■ **Work instruction**:
The lines below, from the one containing "Main Entrance And" through the one containing "How Air Filters", should be set down exactly, with no pictures and nothing else.

■ **Listed records**:
....

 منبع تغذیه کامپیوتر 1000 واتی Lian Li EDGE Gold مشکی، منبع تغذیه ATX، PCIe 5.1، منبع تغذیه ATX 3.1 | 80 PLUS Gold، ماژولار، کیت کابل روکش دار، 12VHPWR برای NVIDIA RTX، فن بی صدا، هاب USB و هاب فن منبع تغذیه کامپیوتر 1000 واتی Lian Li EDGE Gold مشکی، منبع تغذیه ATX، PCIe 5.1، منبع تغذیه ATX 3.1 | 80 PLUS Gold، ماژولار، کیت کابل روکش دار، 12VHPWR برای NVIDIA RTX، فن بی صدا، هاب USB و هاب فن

....

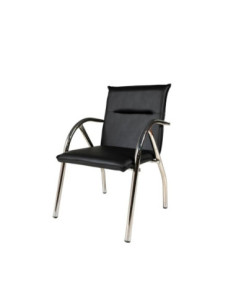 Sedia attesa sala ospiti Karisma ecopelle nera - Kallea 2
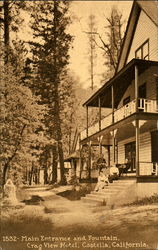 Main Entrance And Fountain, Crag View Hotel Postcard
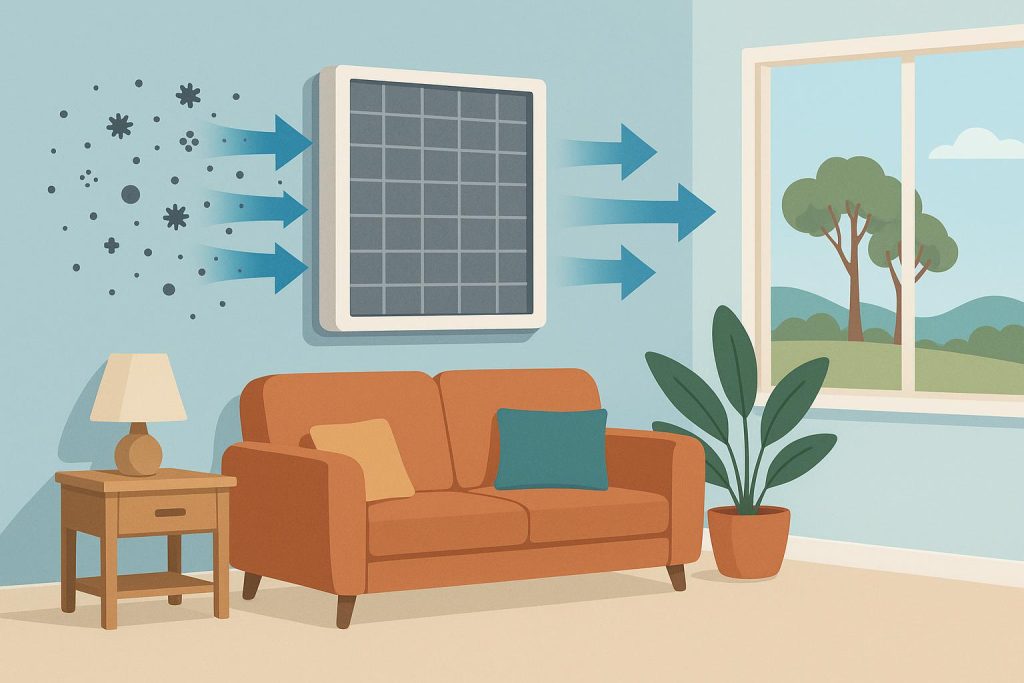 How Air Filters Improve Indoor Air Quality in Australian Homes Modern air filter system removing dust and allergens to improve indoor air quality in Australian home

....

■ **Task answer**:
 Main Entrance And Fountain, Crag View Hotel Postcard
 How Air Filters Improve Indoor Air Quality in Australian Homes Modern air filter system removing dust and allergens to improve indoor air quality in Australian home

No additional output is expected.